Metabolic Potential, Ecology and Presence of Associated Bacteria Is Reflected in Genomic Diversity of Mucoromycotina

Abstract

Mucoromycotina are often considered mainly in pathogenic context but their biology remains understudied. We describe the genomes of six Mucoromycotina fungi representing distant saprotrophic lineages within the subphylum (i.e., Umbelopsidales and Mucorales). We selected two Umbelopsis isolates from soil (i.e., U. isabellina, U. vinacea), two soil-derived Mucor isolates (i.e., M. circinatus, M. plumbeus), and two Mucorales representatives with extended proteolytic activity (i.e., Thamnidium elegans and Mucor saturninus). We complement computational genome annotation with experimental characteristics of their digestive capabilities, cell wall carbohydrate composition, and extensive total lipid profiles. These traits inferred from genome composition, e.g., in terms of identified encoded enzymes, are in accordance with experimental results. Finally, we link the presence of associated bacteria with observed characteristics. Thamnidium elegans genome harbors an additional, complete genome of an associated bacterium classified to Paenibacillus sp. This fungus displays multiple altered traits compared to the remaining isolates, regardless of their evolutionary distance. For instance, it has expanded carbon assimilation capabilities, e.g., efficiently degrades carboxylic acids, and has a higher diacylglycerol:triacylglycerol ratio and skewed phospholipid composition which suggests a more rigid cellular membrane. The bacterium can complement the host enzymatic capabilities, alter the fungal metabolism, cell membrane composition but does not change the composition of the cell wall of the fungus. Comparison of early-diverging Umbelopsidales with evolutionary younger Mucorales points at several subtle differences particularly in their carbon source preferences and encoded carbohydrate repertoire. Nevertheless, all tested Mucoromycotina share features including the ability to produce 18:3 gamma-linoleic acid, use TAG as the storage lipid and have fucose as a cell wall component.

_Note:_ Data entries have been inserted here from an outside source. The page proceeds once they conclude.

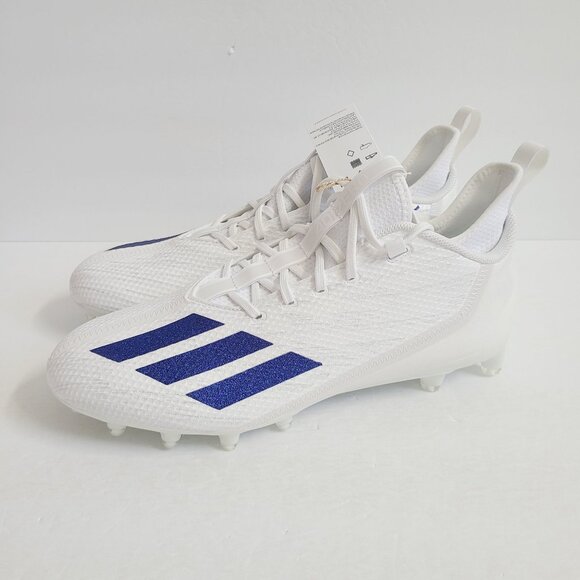 NEW Adidas Adizero Scorch Football Cleats HP8753 Size 13 White Blue main image 6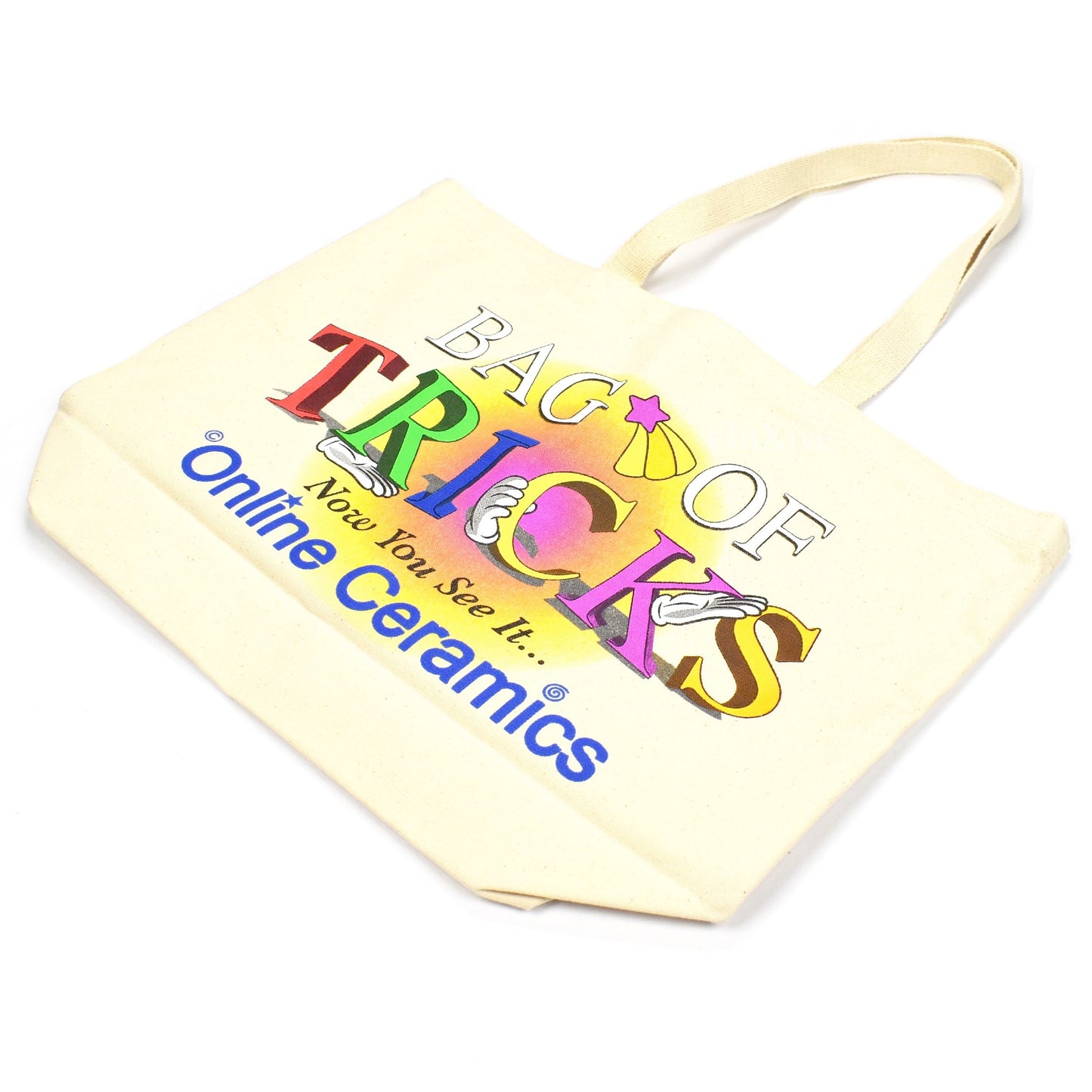 Online Ceramics - Bag of Tricks Logo Tote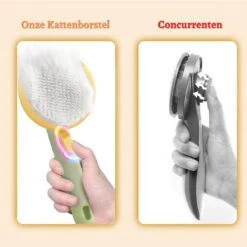 Merkloos Kattenborstel - Hondenborstel - Kattenkam - Pompoen Borstel - Kattenhaar - Haarverwijderaar Voor Huisdieren - Huisdierhaar Verwijderaar -Huisdier Benodigdheden 1200x1198 3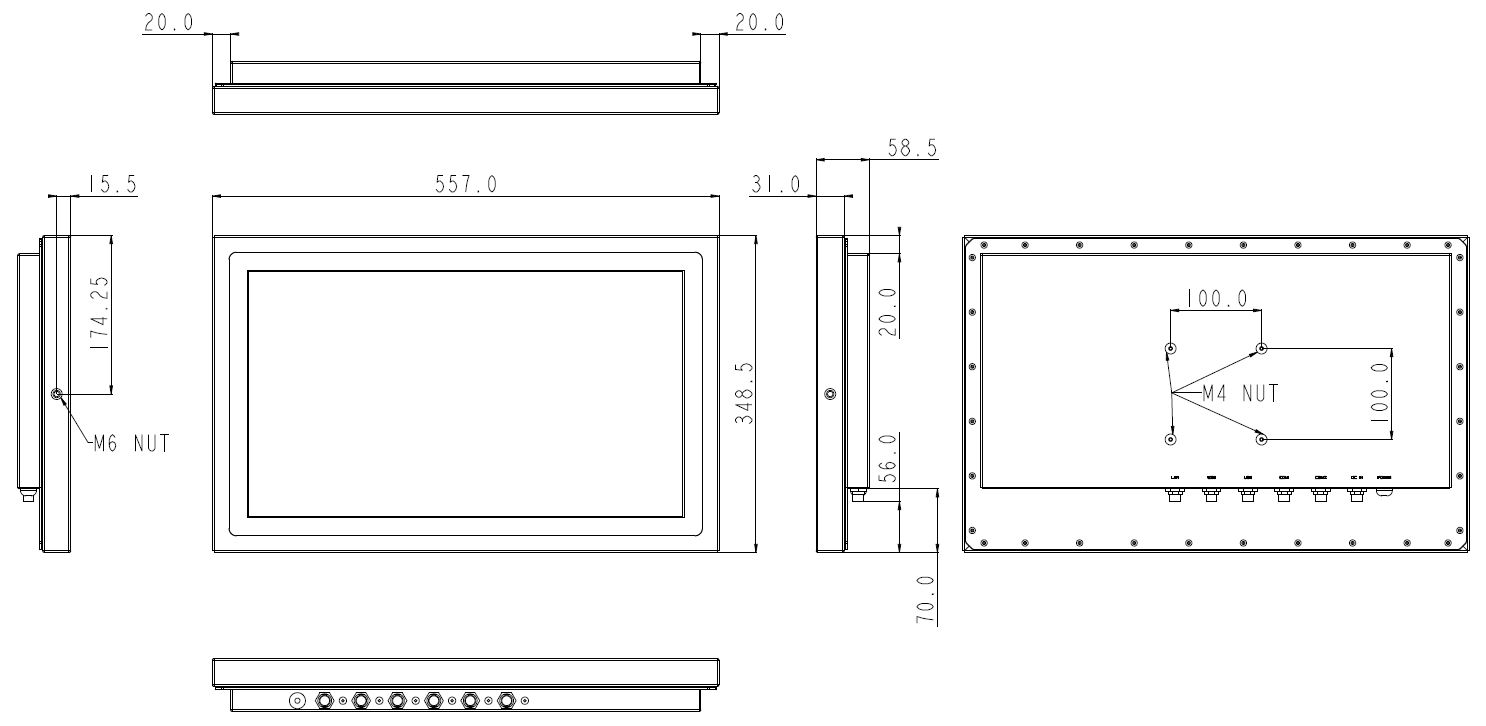 22" Waterproof Computer Technical Drawing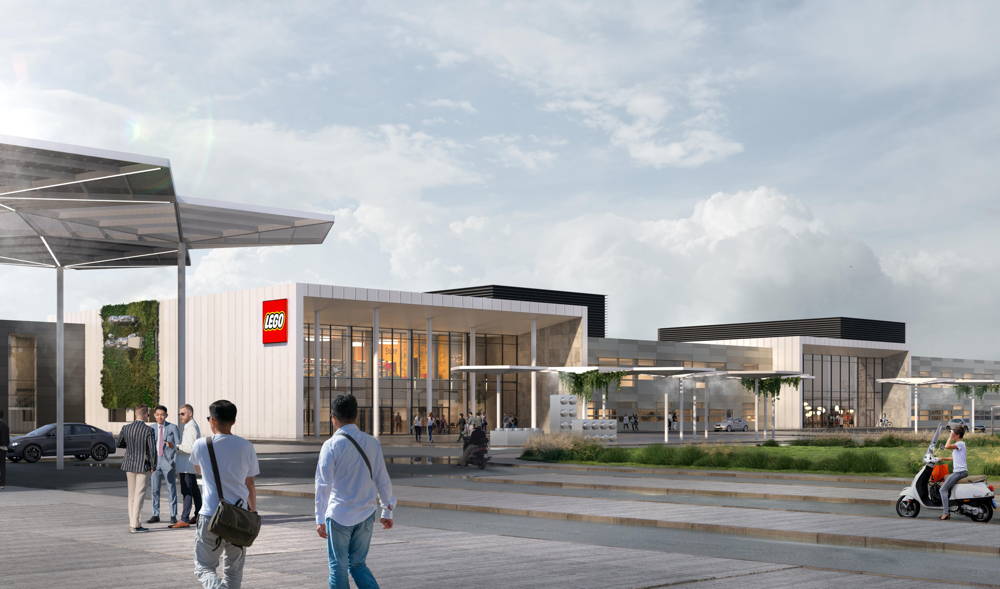 Rendering immagine del nuovo stabilimento in Vietnam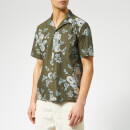 Universal Works Men's Road Shirt - Flower Olive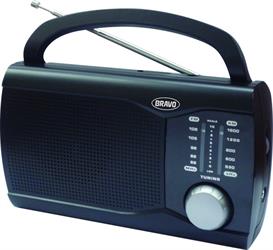 Rádio analogové Bravo ČERNÉ B-6009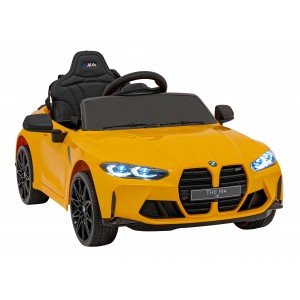 Elektromobilis vaikams BMW M4 geltonas 2 x 35w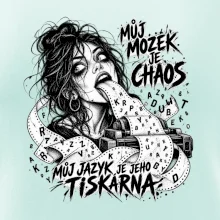 Můj mozek je chaos a jazyk tiskárna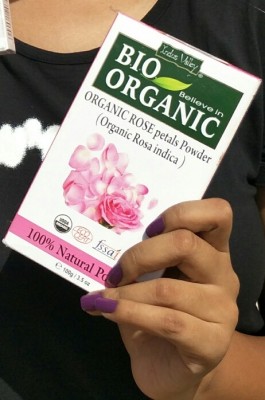 Indus Valley Bio Organic 100% Pure Rose Petals Powder - Price in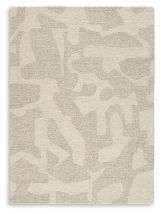 Signature Design by Ashley® R406381 Ladonia - Linen / Taupe - Large Rug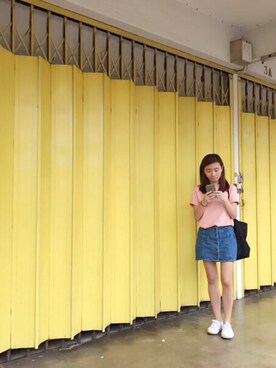 「Factorie（ファクトリエ）のアイテム」を使った、Reiko Chinさん（レディース・146cm）の夏コーディネート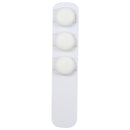 Cable Buddy Desktop Cable Organizer in White — supplier blank front view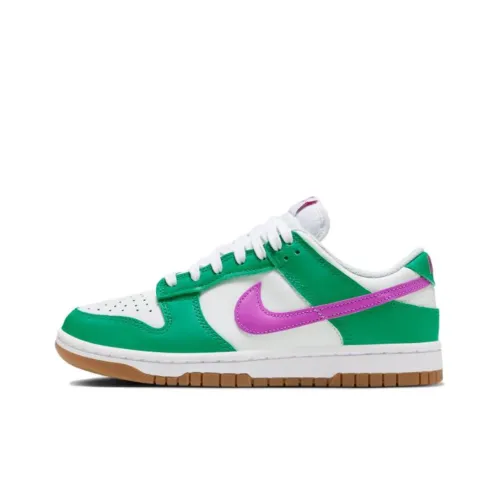 nike Dunk Low Топ Кроссовки для скейтбординга Женские Белый Зеленый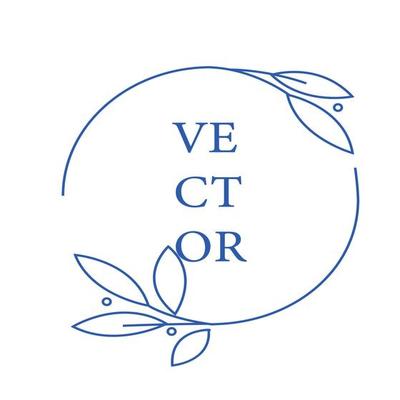 Botanical frame in a trendy linear style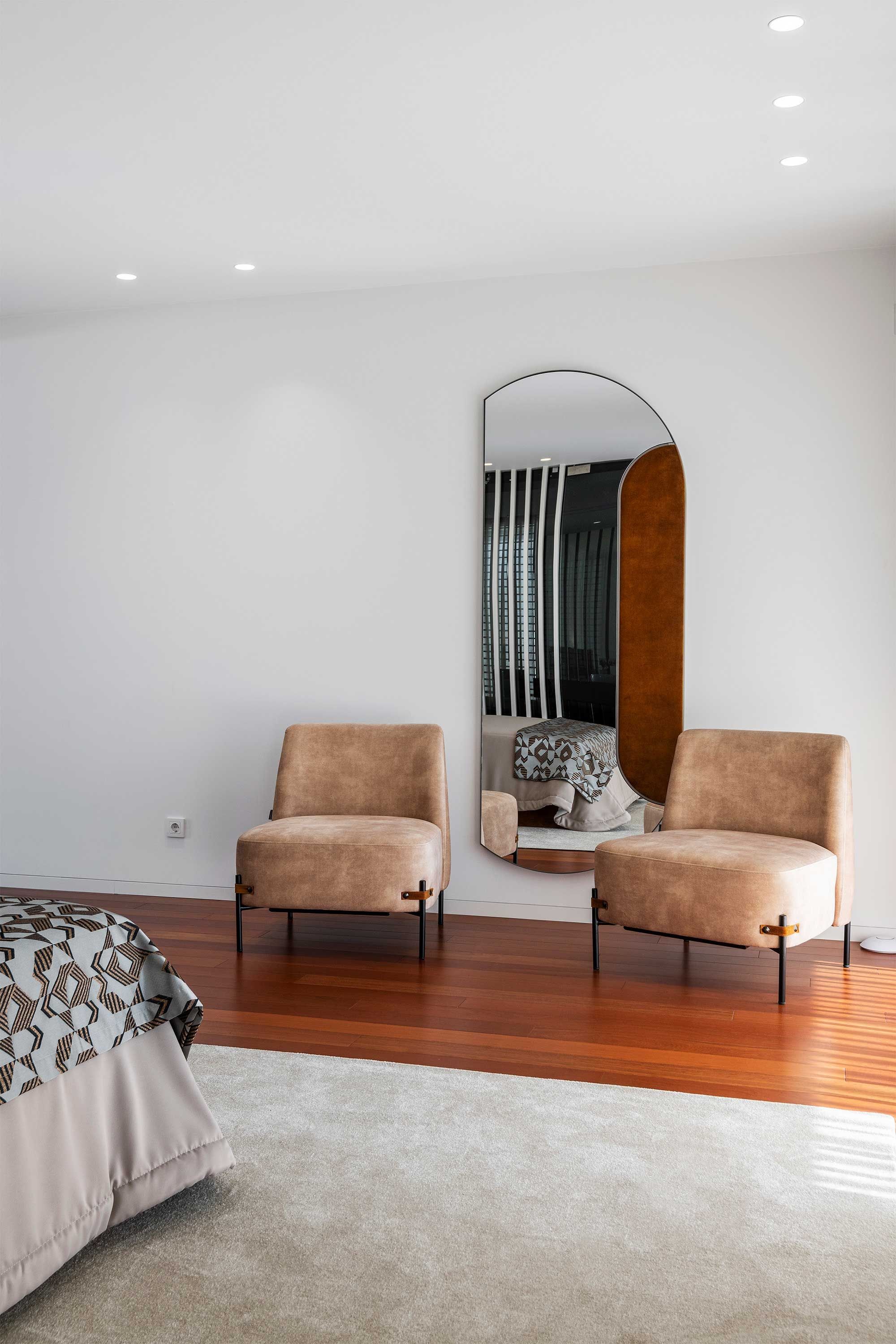 Зеркало из нержавеющей стали с настенной рамой Stylish Club мост ARCH-00078916 - Вид №3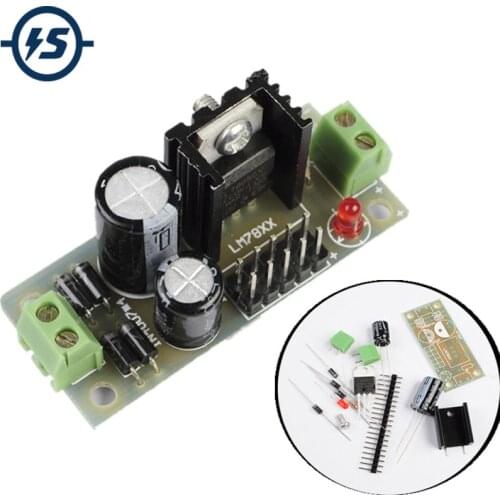 LM7805 L7805 7.5V-35V to 5V Step Down Converter 1.2A Regulator Power Supply Module Buck Converter Electronic Kit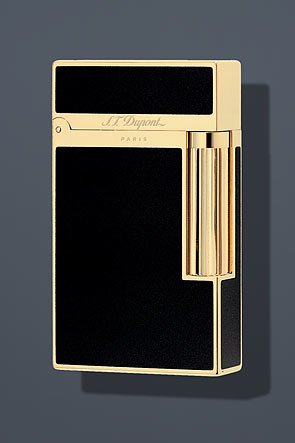 S.T. Dupont Ligne 2 Lacquer Lighter - Black/Gold 16884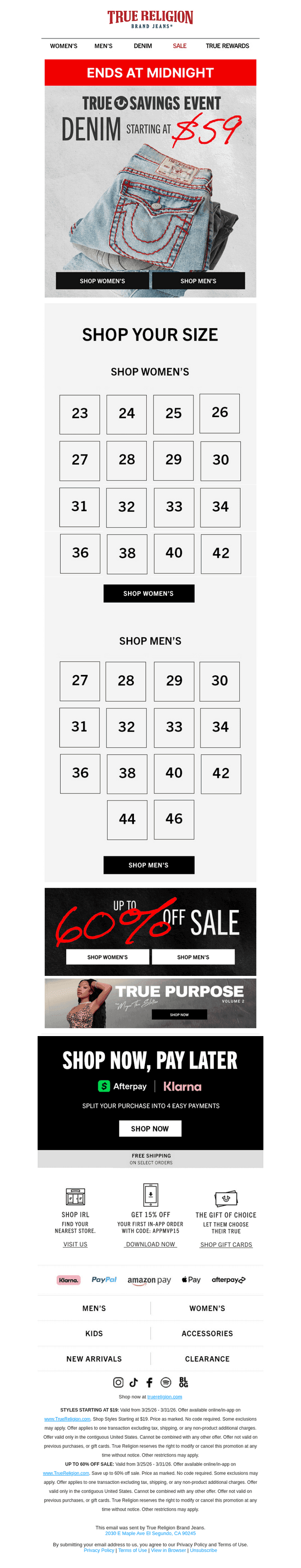 ENDS TONIGHT 🥲 $59+ denim (selling fast)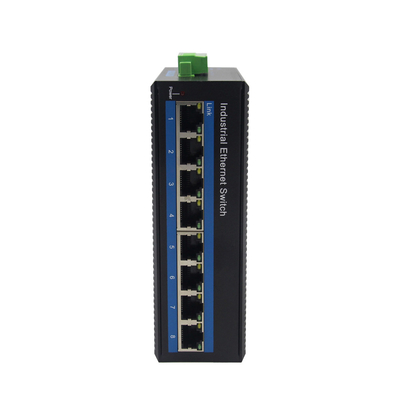 8x10 / adaptador industrial del interruptor 24V de Ethernet del puerto Ethernet del 100M UTP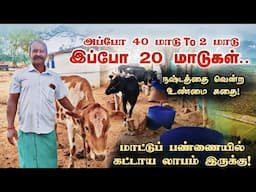 40 மாடு to 2 மாடு இப்போ 20 மாடுகள் | நஷ்டத்தில் இருந்து மீண்டவரின் வெற்றி கதை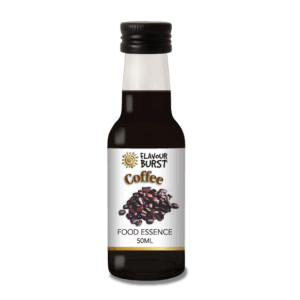 Coffee flavour food essence in a 50mL bottle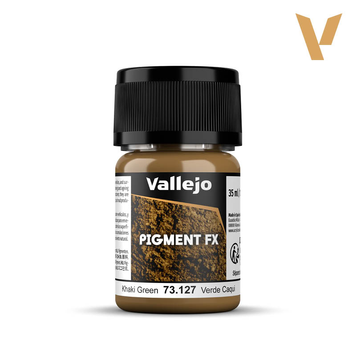 Сухой пигмент &laquo;Зелёный хаки&raquo; Khaki Green 35 мл Vallejo Pigment FX 73127 VAL 73127 фото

Keywords: Mucorales; Paenibacillus; Umbelopsidales; carbon source usage; cell wall carbohydrates; comparative genomics; lipid profile.

FIGURE 1

Maximum likelihood phylogenetic tree of 16S rRNA shows the sequenced strain (bold font) groups with P. illinoisensis isolates. Branches with support values below 50 were collapsed, the tree was rooted with Bacillus sequences.

FIGURE 2

Distribution of genes encoding particular catalytic types of proteases among sequenced isolates.

FIGURE 3

Cazyme distribution in the sequenced genomes. GH, glycoside hydrolases; GT, glycosyltransferases; CMB, carbohydrate-binding modules; CE, carbohydrate esterase.

FIGURE 4

Usage of different types of carbon sources by particular isolates, mean area under the curve (AUC) values aggregated for guilds of carbon sources (according to Preston-Mafham et al., 2002).

FIGURE 5

Heatmap representing carbon source utilization capacity of 6 Mucoromycotina representatives obtained from Biolog FF MicroPlates (scale from brown – not used, to dark green – used very efficiently). The phylogenetic tree is illustrating evolutionary relationships of tested fungal strains. Tested carbon sources are grouped into guilds according to Preston-Mafham et al. (2002).

FIGURE 6

Composition of fatty acids in the analyzed strains.

FIGURE 7

Composition of phospholipids in the analyzed strains.

FIGURE 8

Distribution of diacylglycerols and triacylglycerols in the analyzed strains.

FIGURE 9

Composition of cell-wall carbohydrates.